小说:我的假青梅压在拆迁协议上 作者:喜欢犀牛鸟的叶强 更新时间:2026-01-31

二十万。

那三个字像一块砖砸下来。我喉咙发紧,吞咽了一下,舌根发苦。

林青梅没说话,只点了点头,像已经习惯了这种数额压在头顶。她站起来时腿有点发软,扶住了桌沿。

“谢谢医生。”林青梅说完,呼吸急了一瞬。

走出诊室,走廊更长了。林青梅靠在墙边,闭着眼,额头贴着冰冷的瓷砖,像在借那点冷把自己稳住。

我站在她旁边,没说“别怕”,那三个字太轻,压不住现实。

“你手里有多少?”我问。

林青梅睁眼,眼神有点空,“八万。”

我点头,“还差十二万。”

林青梅咬着唇,声音里带着一点发抖的倔,“我去借。”

“你能借谁?”我盯着她,“你家那些亲戚躲得比谁都快。”

林青梅没反驳,只把头偏开,像怕我看见她眼里的狼狈。

我拿出手机,翻到通讯录,指尖停在几个名字上。那些人我认识,喝过酒,拍过胸脯,喊过兄弟。

我按下第一个拨号键,耳边响起嘟嘟声。

“喂,许行?”那头声音很热情。

“老陈,我这边急用钱。”我开门见山,“十二万,先借我,三个月内还你。”

电话那头沉默了两秒,笑意变得尴尬,“兄弟,不是我不帮,最近也紧。你知道的,孩子上补习班,房贷压着。”

“我给你打借条。”我说。

“哎,这不是借条的问题。”老陈叹气,“你这事儿太急,我也拿不出那么多。要不你去看看贷款?”

电话挂断,我盯着黑下去的屏幕,指尖发麻。

我又拨了第二个。

“许行?怎么这个点了?”

“老赵,我想借点钱。”我尽量把声音压稳,“十二万。”

那头直接笑了,“十二万?你开玩笑吧?你那修理铺一年净赚多少啊。你要是真缺,签拆迁不就有了?”

我喉咙里一堵,呼吸停了一瞬。

“我挂了。”我说。

第三个、第四个……每一次嘟声响起,我心口就像被拉紧一次。每一次对方找理由推脱,我就像被人一点点把自尊剥下来,丢在医院的垃圾桶旁边。

林青梅站在旁边没说话,只把拳头攥得很紧。她看着我拨电话的手,眼神像被撕开一点,又迅速缝回去。

最后一个电话挂断时,我把手机放下,指节发白,喉结滚了滚,才挤出一句,“我去想别的办法。”

林青梅忽然开口,“许行,算了。”

我抬眼。

“别借了。”林青梅声音轻得像气,“我去找段绍。

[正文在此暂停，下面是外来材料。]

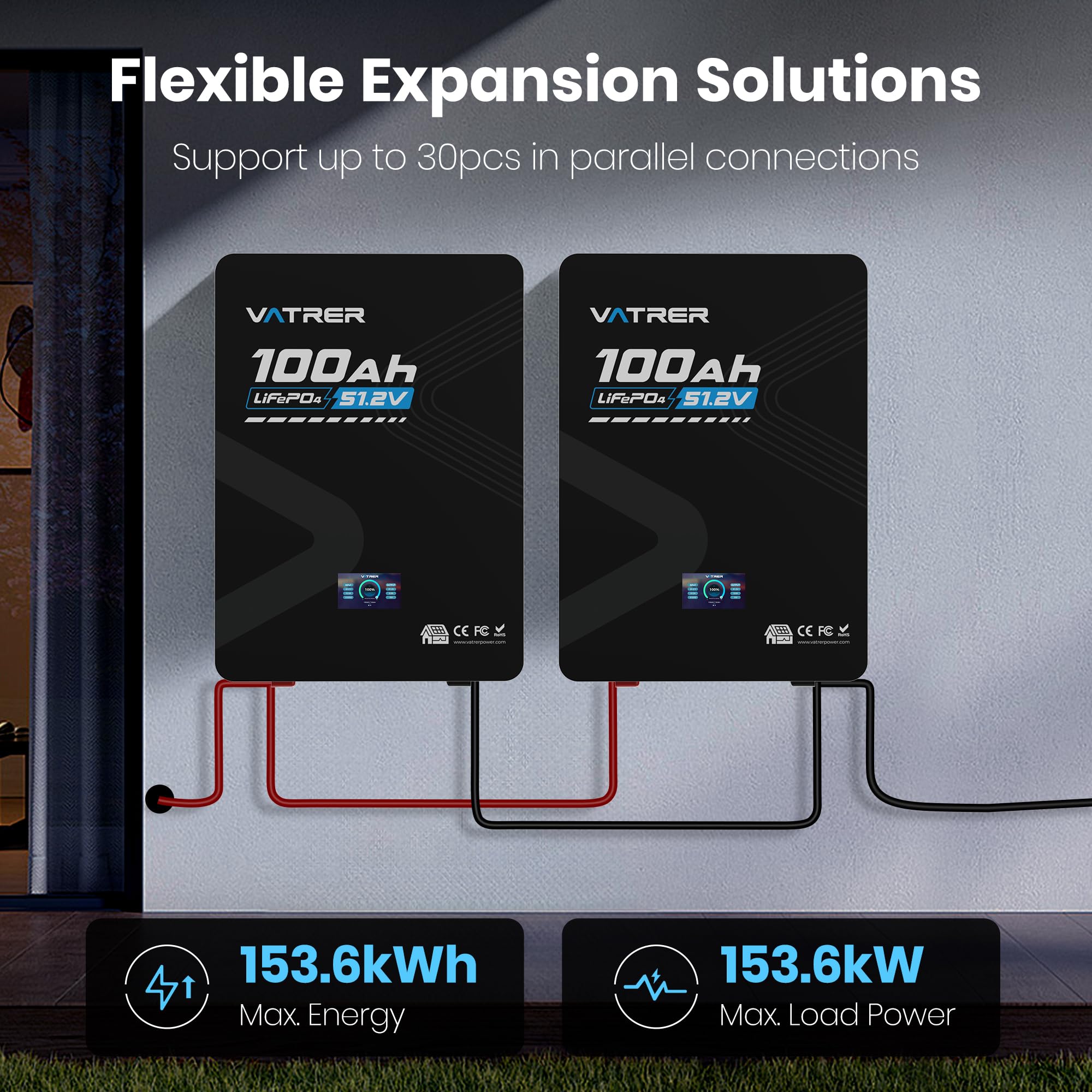 48V 100AH LiFePO4 Battery 5 12kWh Grade A Cells Wall Mounted Lithium Battery with 100A BMS LED Monitor — view 5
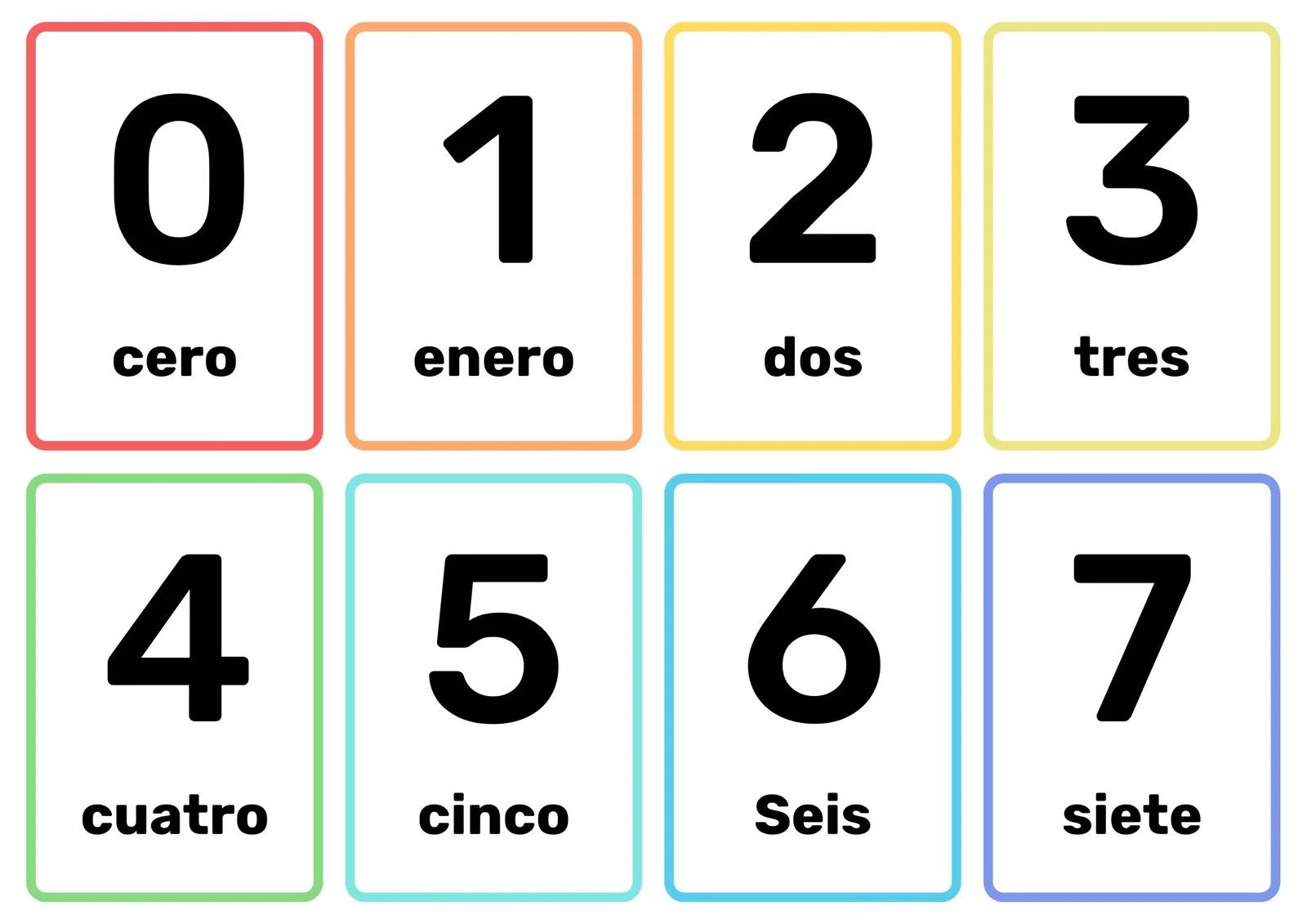imagenes de numeros de imprenta para imprimir - Qué letras tienen los números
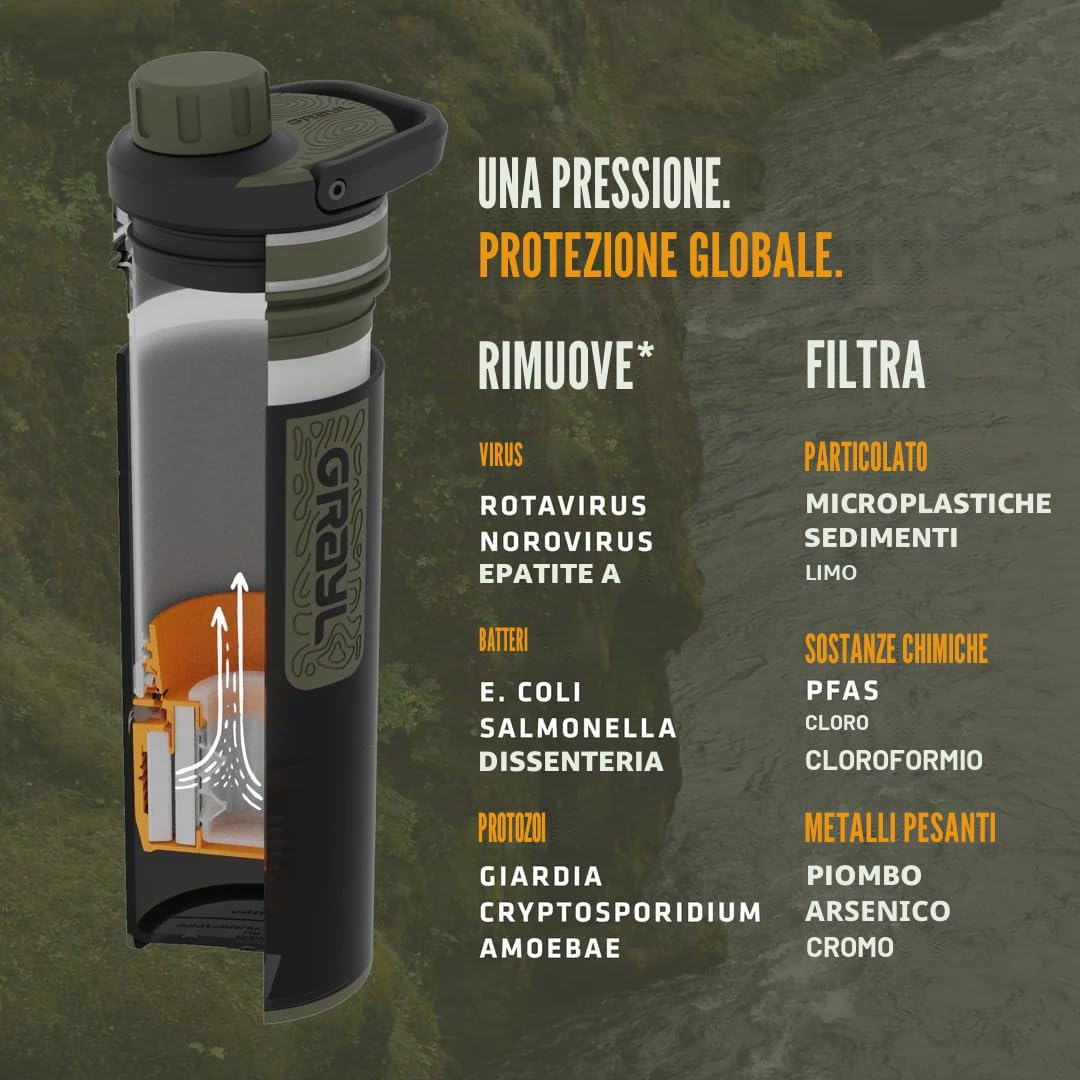GRAYL UltraPress 500 ml, filtro acqua potabile, elimina il 99,99% di batteri e virus, perfetto per campeggio, sopravvivenza e viaggi (Camp Black)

”

那句话落下,我胸口猛地一缩,像被钉子钉住。

“你刚才不是说不嫁?”我问,声音压得很低,低得像怕吵到走廊里那些病人的命。

林青梅眼眶红了,手指无意识地抠着病历袋的边缘,“我是不嫁。”

“那你找他干什么?”我盯着她,嗓子发哑,“让他拿钱,再拿你当筹码?”

林青梅深吸了一口气,胸口起伏明显,“我妈等不起。”

那句“等不起”像刀,一刀把我所有的硬话切碎。林青梅说完,喉咙滚了一下,眼泪却没掉出来,只在眼眶里打转。

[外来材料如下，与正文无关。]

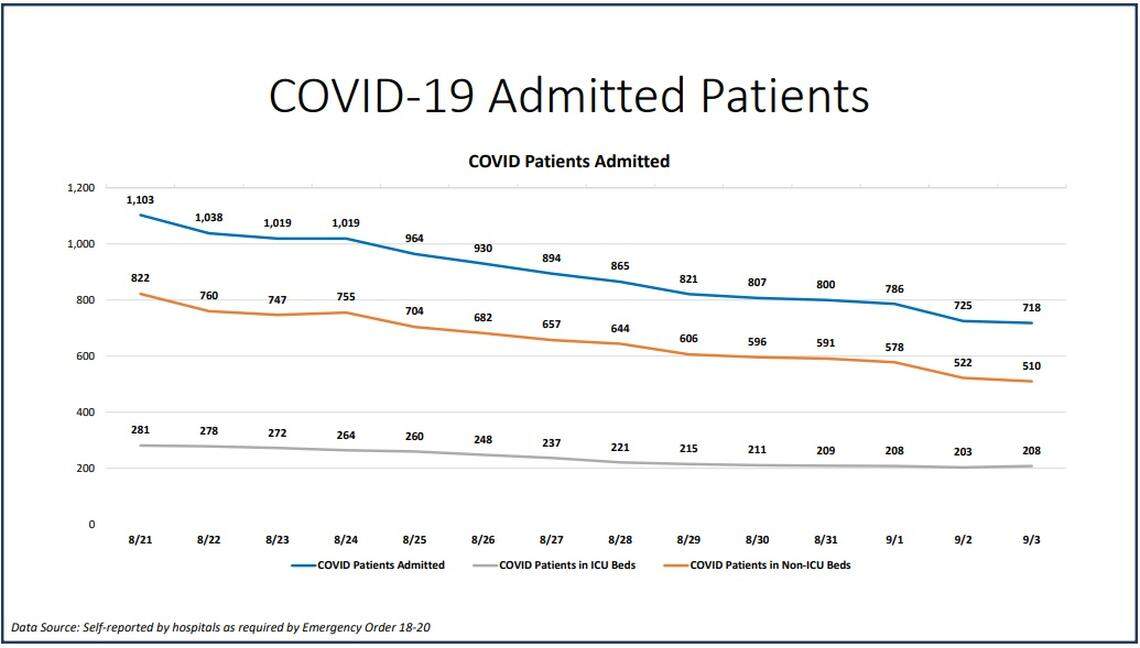 Miami-Dade’s New Normal report for Sept. 3, 2020, shows a decline of patients admitted to hospitals for COVID-19.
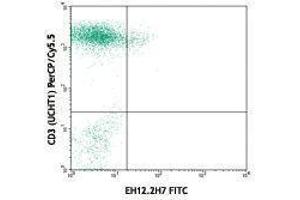 Flow Cytometry (FACS) image for anti-Programmed Cell Death 1 (PDCD1) antibody (FITC) (ABIN2661634) (PD-1 Antikörper  (FITC))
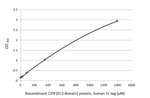 CD9 Antibody in ELISA (ELISA)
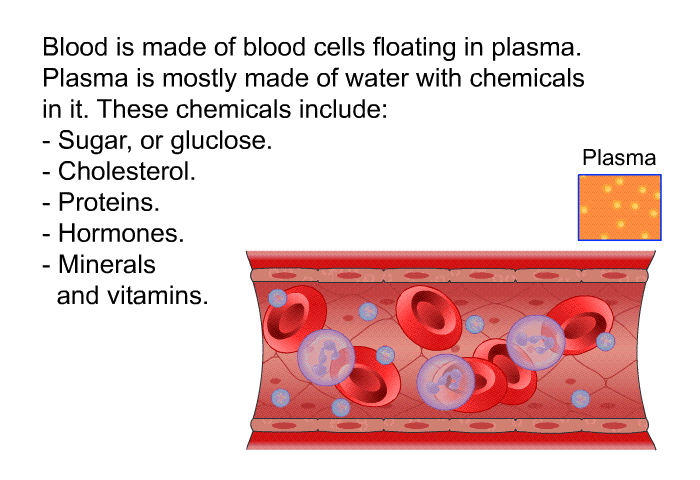 Blood is made of blood cells floating in plasma. Plasma is mostly made of water with chemicals in it. These chemicals include:  Sugar, or gluclose. Cholesterol. Proteins. Hormones. Minerals and vitamins.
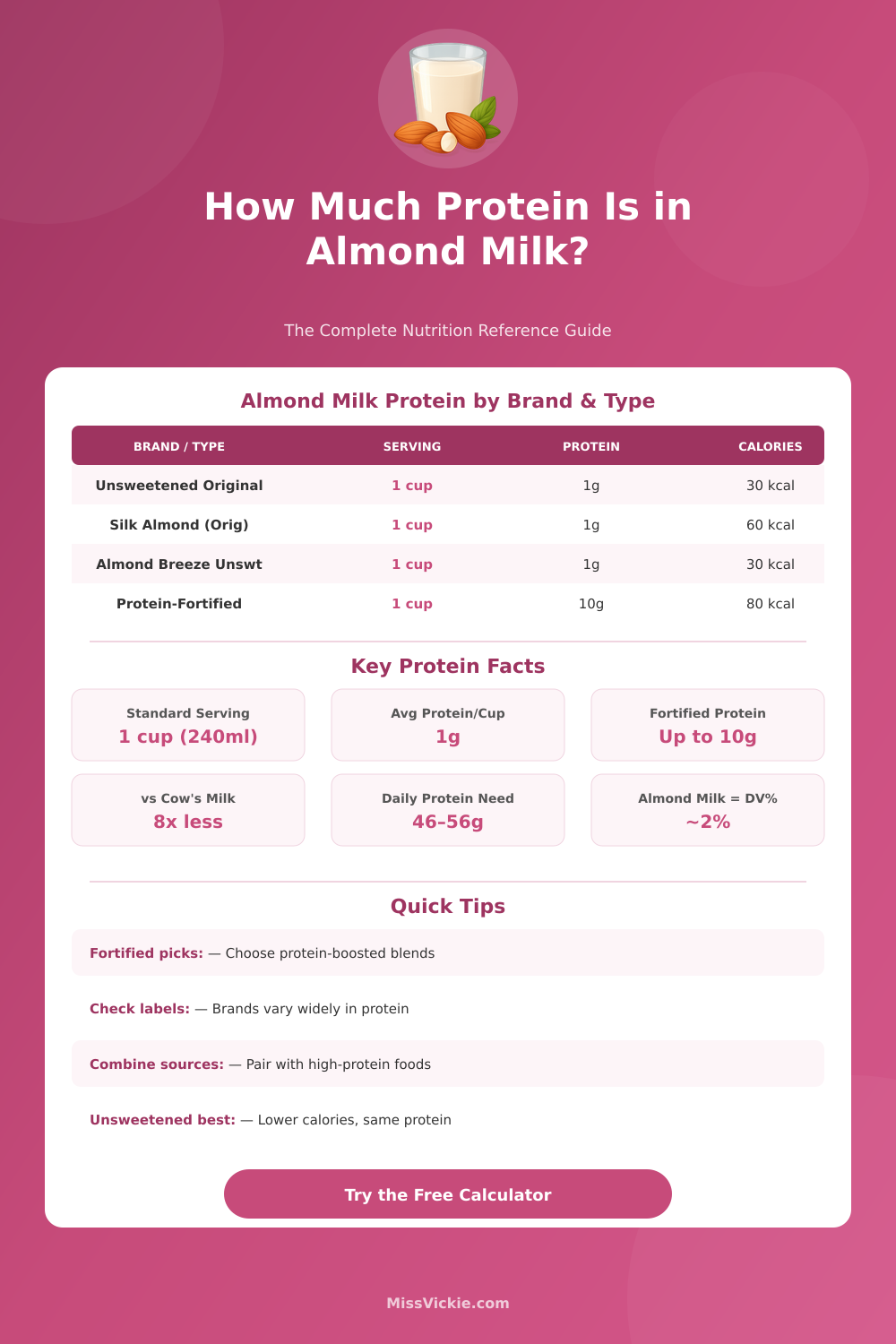 Protein in Almond Milk Calculator – How Much Protein Are You Getting?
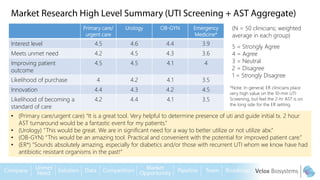 Primary care/
urgent care
Urology OB-GYN Emergency
Medicine*
Interest level 4.5 4.6 4.4 3.9
Meets unmet need 4.2 4.5 4.3 3.6
Improving patient
outcome
4.5 4.5 4.1 4
Likelihood of purchase 4 4.2 4.1 3.5
Innovation 4.4 4.3 4.2 4.5
Likelihood of becoming a
standard of care
4.2 4.4 4.1 3.5
(N = 50 clinicians; weighted
average in each group)
5 = Strongly Agree
4 = Agree
3 = Neutral
2 = Disagree
1 = Strongly Disagree
• (Primary care/urgent care) “It is a great tool. Very helpful to determine presence of uti and guide initial tx. 2 hour
AST turnaround would be a fantastic event for my patients.”
• (Urology) “This would be great. We are in significant need for a way to better utilize or not utilize abx.”
• (OB-GYN) “This would be an amazing tool. Practical and convenient with the potential for improved patient care.”
• (ER*) “Sounds absolutely amazing, especially for diabetics and/or those with recurrent UTI whom we know have had
antibiotic resistant organisms in the past!”
*Note: In general, ER clinicians place
very high value on the 10-min UTI
Screening, but feel the 2-hr AST is on
the long side for the ER setting.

我把手伸过去,握住她发冷的手腕。那根骨头还是细,细得像随时会断。

“我去卖东西。”我说。

林青梅一愣。

“铺子里有几套工具,电焊机、空压机、铜线。”我盯着她,“不够我再去借,借不来我就去找人打工。你别去找段绍。”

林青梅张了张嘴,像想说“你疯了”,却只吐出一句,“那是你吃饭的东西。”

“你妈是命。”我说完,喉咙一紧,鼻腔里酸得厉害,“你别一个人扛。”

林青梅的眼睫颤了颤,呼吸乱了,像被这句话撞开了一条缝。她没点头,也没摇头,只把手从我掌心里抽出去,轻轻捂住脸。

“我不想欠你。”林青梅声音闷在掌心里。

“你欠我什么?”我问。

林青梅没回答,只肩膀抖了一下,像忍到极限。

我没再逼,转身往外走。脚步踏出医院大门时,冷风像刀片一样刮过来,刮得我眼睛发涩。

修理铺的门锁咔哒一声打开,屋里一股机油味混着旧电线皮的焦味。灯泡闪了两下才亮,光落在工具架上,照得每一把扳手都像一段过去的日子。

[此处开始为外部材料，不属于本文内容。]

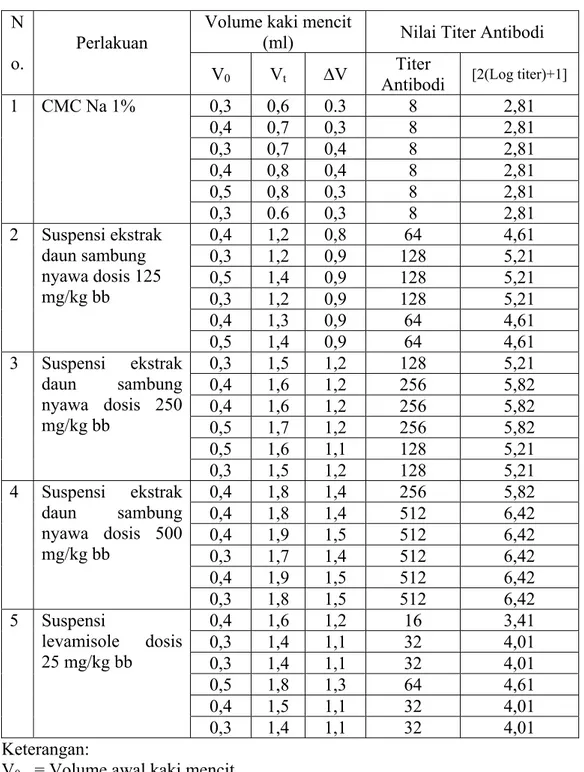 Tabel 4.3 Volume Pembengkakan Kaki Mencit dan Nilai Titer Antibodi  N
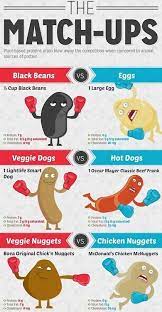 Pin By Tina Costanza On Vegan And Vegetarian Recipes Protein Animal Protein Veggie Dogs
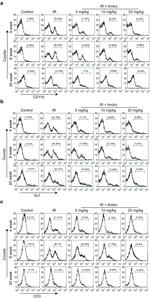 Ly-6G/Ly-6C Antibody in Flow Cytometry (Flow)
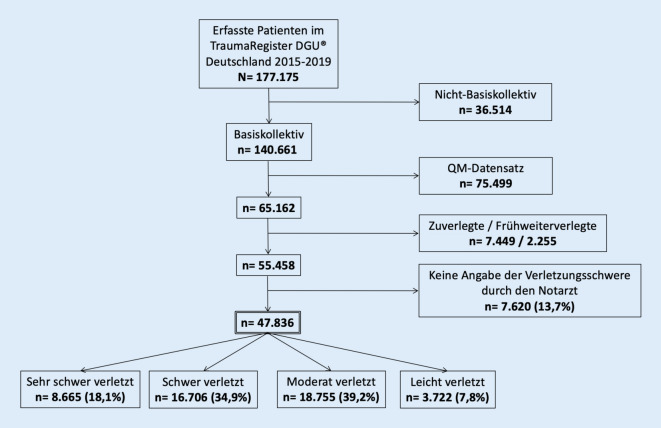 [Implications of prehospital estimation of trauma patients for the treatment pathway-An evaluation of the TraumaRegister DGU®].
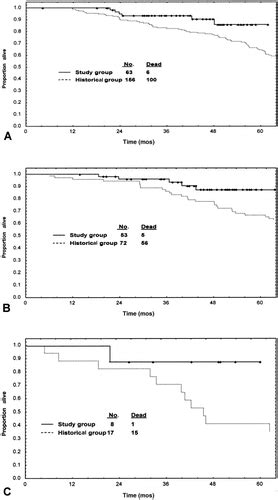 Analysis Of The Impact Of Imatinib Mesylate Therapy On The Prognosis Of Patients With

我蹲下把电焊机拖出来,铁皮摩擦地面发出刺耳的声。我手背被划了一道,血珠冒出来,烫得我一哆嗦。

手机又震了,是我爸。

“许行。”老头子的声音喘得厉害,“你在哪?”

“外面。”我尽量稳住声音,“怎么了?”

“刚才有人敲门。”我爸咳了两声,“说让我们明天上午去街道办谈,带身份证户口本,不去就走程序。”

我心口一沉,“谁来敲的?”

“开发商的人。”老头子喘着气,“还说……还说你今天在项目部闹事,被录下来了。”

我脑子里“嗡”一声,像有人把电闸拉断。

“你别开门。”我说,嗓子发紧,“谁来都别开。”

我挂断电话,手里握着那根电焊机的把手,掌心全是汗。工具的冰冷透过皮肤往里钻,钻得人牙根发酸。

我把电焊机和空压机搬上三轮车,骑到二手市场。老板叼着烟,扫一眼机器,吐出一句,“你这旧得厉害,五千顶天。”

五千。

我看着那张油腻的脸,心里像被人踩了两脚。可我还是点头,把机器推过去,听见现金点钞机“哒哒”响,那声音像在笑。

我又卖了几卷铜线,又卖了两套工具箱。口袋里塞满皱巴巴的钞票,重量却轻得可笑。